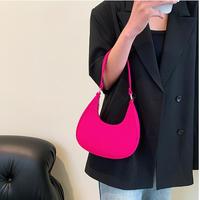 Personnalité de la mode belle atmosphère feutre unique épaule sous les bras femme sac croissant de lune sac en gros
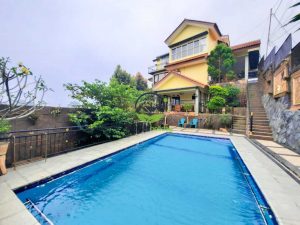 villa cisarua puncak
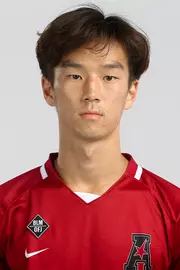 Josh Chong Headshot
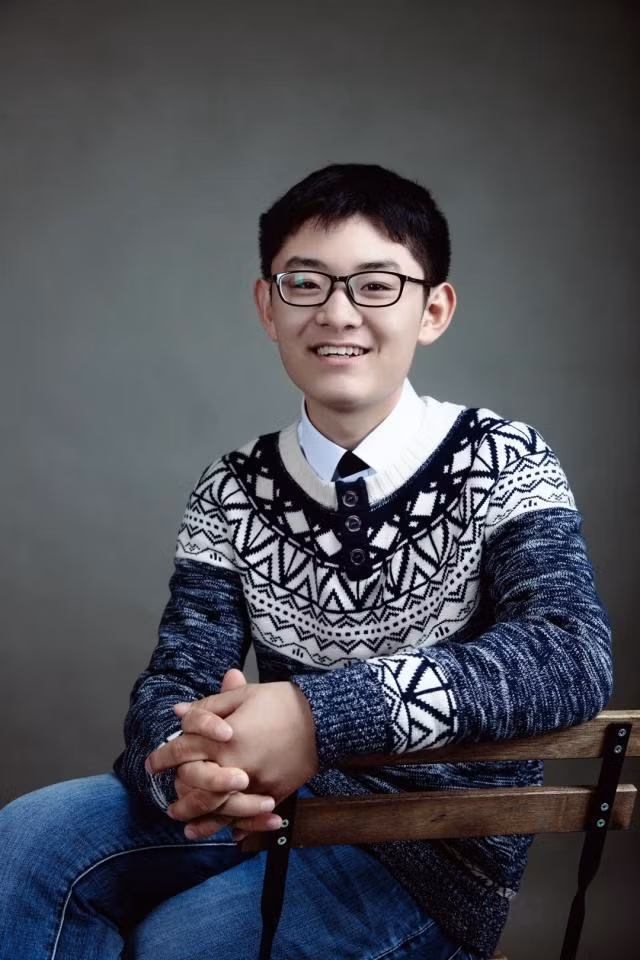 Thần đồng công nghệ Thân Di Phi đỗ đại học ở tuổi 15. Ảnh: Baidu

Goal of the exercise: Set down exactly the lines between the one with "villa cisarua puncak" and the last line of the material above, both included, but none of the pictures.

Response to the exercise:
 villa cisarua puncak
 Josh Chong Headshot
 Thần đồng công nghệ Thân Di Phi đỗ đại học ở tuổi 15. Ảnh: Baidu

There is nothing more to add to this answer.